Quando a coisa toda acabou, ficou claro que o time tinha menos que uma semana para pintar toda uma fraternidade, arrumar os móveis, fazer mudanças e brigar por quartos ou por qualquer outra coisa que estivesse envolvida no processo. E ainda tinham que organizar a festa de inauguração!
O mais impressionante foi a velocidade com que todos se dissiparam ao término do bendito encontro. Pareciam afobados com algum acontecimento marcante. Só Jared parecia não saber de nada. Levantou-se. Tom permaneceu na última rodinha, com Jensen, Mike, Chad e alguns outros garotos que não reparou. Só pensava em descansar um pouco. Seu celular vibrou. O tirou do bolso e viu uma mensagem.
"Jay, mais tarde vamos dar uma festa. Faço questão de sua presença. Sandy."
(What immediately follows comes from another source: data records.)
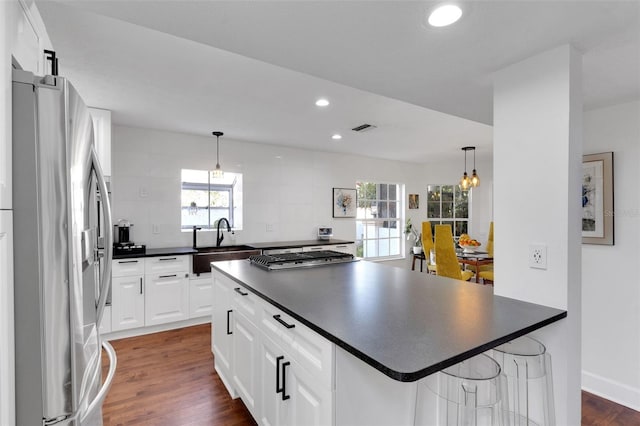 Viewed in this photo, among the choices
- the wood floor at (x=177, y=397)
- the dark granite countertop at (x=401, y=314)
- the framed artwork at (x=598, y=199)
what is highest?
the framed artwork at (x=598, y=199)

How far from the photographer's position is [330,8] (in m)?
1.23

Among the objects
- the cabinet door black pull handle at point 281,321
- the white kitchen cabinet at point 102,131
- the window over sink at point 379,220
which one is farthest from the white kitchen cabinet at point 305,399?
the window over sink at point 379,220

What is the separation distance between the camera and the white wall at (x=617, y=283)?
2236mm

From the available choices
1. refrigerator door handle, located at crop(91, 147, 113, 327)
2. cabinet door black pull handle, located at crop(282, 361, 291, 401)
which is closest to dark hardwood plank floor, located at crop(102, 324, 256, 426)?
cabinet door black pull handle, located at crop(282, 361, 291, 401)

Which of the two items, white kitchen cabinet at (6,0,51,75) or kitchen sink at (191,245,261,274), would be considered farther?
kitchen sink at (191,245,261,274)

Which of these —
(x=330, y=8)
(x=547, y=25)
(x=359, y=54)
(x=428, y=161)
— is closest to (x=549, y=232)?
(x=547, y=25)

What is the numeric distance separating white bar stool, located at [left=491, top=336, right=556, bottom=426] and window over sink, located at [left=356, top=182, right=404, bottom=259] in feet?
14.6

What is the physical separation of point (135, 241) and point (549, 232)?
3.98 m

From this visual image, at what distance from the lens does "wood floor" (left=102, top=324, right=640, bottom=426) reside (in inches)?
79.8

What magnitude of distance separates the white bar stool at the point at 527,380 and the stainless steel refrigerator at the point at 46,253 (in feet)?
5.01

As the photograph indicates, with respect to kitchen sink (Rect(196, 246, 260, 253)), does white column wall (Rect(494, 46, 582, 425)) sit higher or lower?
higher

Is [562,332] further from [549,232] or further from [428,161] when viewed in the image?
[428,161]

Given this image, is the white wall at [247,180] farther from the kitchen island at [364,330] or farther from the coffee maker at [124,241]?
the kitchen island at [364,330]

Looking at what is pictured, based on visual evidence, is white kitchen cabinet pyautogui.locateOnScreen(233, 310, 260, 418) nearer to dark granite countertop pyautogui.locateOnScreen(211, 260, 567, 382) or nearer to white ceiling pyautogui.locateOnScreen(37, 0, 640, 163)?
dark granite countertop pyautogui.locateOnScreen(211, 260, 567, 382) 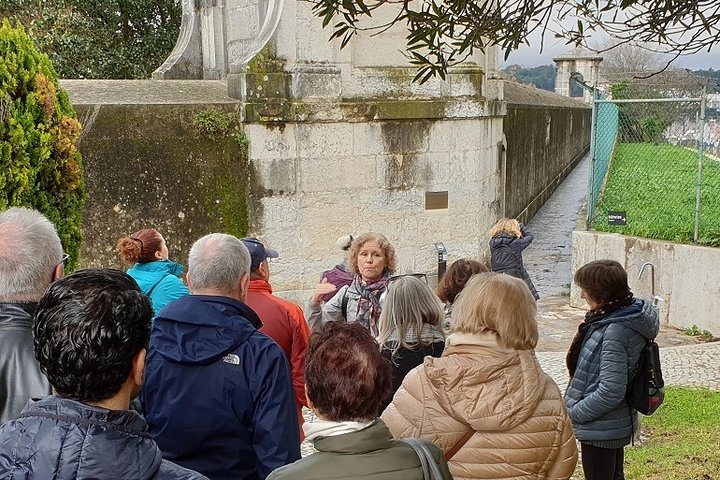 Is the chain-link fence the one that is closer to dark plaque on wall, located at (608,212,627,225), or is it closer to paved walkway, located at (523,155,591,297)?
dark plaque on wall, located at (608,212,627,225)

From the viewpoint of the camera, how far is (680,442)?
5477mm

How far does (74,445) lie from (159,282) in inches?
114

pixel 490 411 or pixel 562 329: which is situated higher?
pixel 490 411

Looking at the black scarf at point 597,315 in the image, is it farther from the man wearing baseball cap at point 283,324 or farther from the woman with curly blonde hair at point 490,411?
the man wearing baseball cap at point 283,324

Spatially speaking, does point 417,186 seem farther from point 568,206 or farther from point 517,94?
point 568,206

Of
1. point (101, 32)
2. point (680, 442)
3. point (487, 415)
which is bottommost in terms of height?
point (680, 442)

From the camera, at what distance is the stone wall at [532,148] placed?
15.8m

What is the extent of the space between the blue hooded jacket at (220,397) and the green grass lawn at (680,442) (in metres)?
2.99

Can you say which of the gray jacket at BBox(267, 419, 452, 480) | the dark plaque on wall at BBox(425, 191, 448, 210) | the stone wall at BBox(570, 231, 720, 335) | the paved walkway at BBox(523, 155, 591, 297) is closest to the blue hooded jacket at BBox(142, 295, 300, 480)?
the gray jacket at BBox(267, 419, 452, 480)

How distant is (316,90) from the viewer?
8695mm

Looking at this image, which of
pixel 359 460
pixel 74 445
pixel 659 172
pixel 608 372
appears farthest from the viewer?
pixel 659 172

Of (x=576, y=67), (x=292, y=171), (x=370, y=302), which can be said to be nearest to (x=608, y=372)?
(x=370, y=302)

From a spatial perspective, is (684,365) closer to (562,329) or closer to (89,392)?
(562,329)

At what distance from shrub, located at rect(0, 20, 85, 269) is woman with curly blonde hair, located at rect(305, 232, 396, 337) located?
234cm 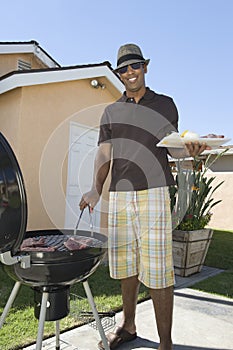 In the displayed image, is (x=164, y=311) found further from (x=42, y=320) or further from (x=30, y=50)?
(x=30, y=50)

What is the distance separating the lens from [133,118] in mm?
1685

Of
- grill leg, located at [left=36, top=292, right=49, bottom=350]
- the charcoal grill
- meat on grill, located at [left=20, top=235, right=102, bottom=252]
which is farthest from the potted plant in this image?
grill leg, located at [left=36, top=292, right=49, bottom=350]

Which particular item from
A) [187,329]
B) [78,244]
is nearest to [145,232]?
[78,244]

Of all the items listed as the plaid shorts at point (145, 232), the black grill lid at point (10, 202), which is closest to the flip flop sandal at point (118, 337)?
the plaid shorts at point (145, 232)

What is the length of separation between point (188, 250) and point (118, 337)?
5.32 feet

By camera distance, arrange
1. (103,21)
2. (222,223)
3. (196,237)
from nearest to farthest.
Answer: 1. (196,237)
2. (103,21)
3. (222,223)

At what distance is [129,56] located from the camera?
5.17ft

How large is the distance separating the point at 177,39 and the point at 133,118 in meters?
4.02

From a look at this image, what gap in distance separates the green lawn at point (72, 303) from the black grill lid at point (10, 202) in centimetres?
75

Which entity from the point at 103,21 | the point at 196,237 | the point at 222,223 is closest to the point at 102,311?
the point at 196,237

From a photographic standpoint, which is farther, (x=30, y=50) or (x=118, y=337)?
(x=30, y=50)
Bufou. Talvez por motivos como esse não estivesse namorando. Era sempre complicado demais. Depois da última noite, tudo o que queria era juntar forças para lidar com suas batalhas pessoais pelas próximas semanas. Jamais pensara que ficar poucas vezes com Sandra o fizesse sentir-se tão obrigado a acompanha-la e acatar as decisões e "pedidos" da mesma.
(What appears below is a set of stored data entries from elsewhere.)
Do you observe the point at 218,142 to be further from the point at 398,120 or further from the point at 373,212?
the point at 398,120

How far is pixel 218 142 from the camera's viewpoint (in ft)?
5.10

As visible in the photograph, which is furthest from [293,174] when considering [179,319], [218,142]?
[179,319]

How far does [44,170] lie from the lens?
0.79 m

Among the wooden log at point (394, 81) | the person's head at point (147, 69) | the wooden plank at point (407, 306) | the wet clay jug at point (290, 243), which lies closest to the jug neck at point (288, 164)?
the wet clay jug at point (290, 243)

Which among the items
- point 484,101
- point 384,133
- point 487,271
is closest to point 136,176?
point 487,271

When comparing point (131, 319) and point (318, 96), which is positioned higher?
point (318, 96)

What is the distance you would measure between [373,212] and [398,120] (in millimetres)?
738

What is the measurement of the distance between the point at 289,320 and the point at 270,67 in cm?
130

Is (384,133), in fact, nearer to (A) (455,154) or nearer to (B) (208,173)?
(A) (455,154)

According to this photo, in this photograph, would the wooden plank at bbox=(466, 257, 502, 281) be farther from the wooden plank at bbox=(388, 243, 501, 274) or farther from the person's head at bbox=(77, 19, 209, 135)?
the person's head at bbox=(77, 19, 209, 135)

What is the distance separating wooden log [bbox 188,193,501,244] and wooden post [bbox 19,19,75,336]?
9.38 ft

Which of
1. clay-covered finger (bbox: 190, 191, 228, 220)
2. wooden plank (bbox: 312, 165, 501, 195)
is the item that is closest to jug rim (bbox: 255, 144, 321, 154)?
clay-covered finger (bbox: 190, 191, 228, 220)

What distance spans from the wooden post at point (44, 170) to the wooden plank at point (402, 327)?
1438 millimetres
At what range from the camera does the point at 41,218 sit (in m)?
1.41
Pôs-se a andar rumo a seu apartamento. Seus passos lentos mostravam o quão preso em pensamentos estava. Ter que lidar com tantas mudanças que de fato não queria, o fazia ficar absorto, em busca de uma solução que não fosse se matar, matar Jensen ou explodir a universidade. Ainda podia se lembrar das piadinhas zombeteiras do mais velho, direcionadas, claro, à sua pessoa. Aquele cara ia aprender do pior modo certas lições de respeito, ah, ia. Se dependesse de suas ações, aprenderia rapidinho. Ouviu Tom gritar seu nome. Já era de tardezinha, já estava longe do ginásio e só queria descansar um pouco. Se sentia um lixo e estava impaciente até com o amigo. Quando voltou-se à ele, o viu sorrindo de canto, mas sabia que havia algo errado.
— Vou dormir com você hoje.
— O que? — incrédulo — O que foi?
— Alguns problemas me impedem de voltar para meu dormitório hoje. Não tô a fim de ficar segurando vela pro Mike.
— E a Kris?
— Não faz pergunta difícil, Jay...
Jared não podia acreditar. Depois de um dia completamente estressante ainda teria que lidar com a companhia cheia de falso positivismo de Tom durante toda a noite? Realmente, não andava com muita sorte.
XXX
Já era tarde da noite, estava com Tom em seu quarto, bebendo, o som alto e vários comentários impróprios a respeito de Jensen, do time, das garotas, de um e do outro... Tom havia contado sobre o sutil desentendimento com Kristin, sobre as últimas brigas, sobre o fato dela pular em seu pescoço com as unhas e tudo mais por duas ou três vezes... No fundo, sentira pena do mesmo. Estavam sem vontade de sair, e mesmo havendo três festas diferentes no campus, se mantinham presos. Talvez estivessem sofrendo por antecipação por causa de todo o trabalho que teriam com a organização da fraternidade, ou talvez só quisessem se resguardar para os dias seguintes. Ou talvez preferissem a companhia um do outro. Levantou-se e foi até o som, colocando algumas músicas mais interessantes e quase tropeçando no processo de volta. Tom ria com seu rosto afogueado e olhos pesados, justo como Jared. Estavam ficando bêbados com vodka vagabunda, dentro de um quarto, com músicas de letras promíscuas... Isso era estranho. O mais baixo parecia ter um sorriso torto demais, e Jared sentia que seu rosto estava com a mesma expressão fora de contexto. Quando findou caindo novamente ao lado do amigo, a campainha tocou.
— Tá esperando alguém?
Uma sobrancelha arqueada, cinismo puro! Tinha algo além naquela questão.
— Não, Tom!
Exclamou, se fazendo de ofendido. Bufou e se levantou com o humor de um ogro. Quando tocou a maçaneta, ainda batiam. Abriu e, ao se deparar com Michael Rosenbaum portando uma séria expressão de preocupação ao lado de sua "namorada", não pôde deixar de indagar:
— Mike? O que foi?
Quem fez as honras de responder foi a garota de cabelos ruivos.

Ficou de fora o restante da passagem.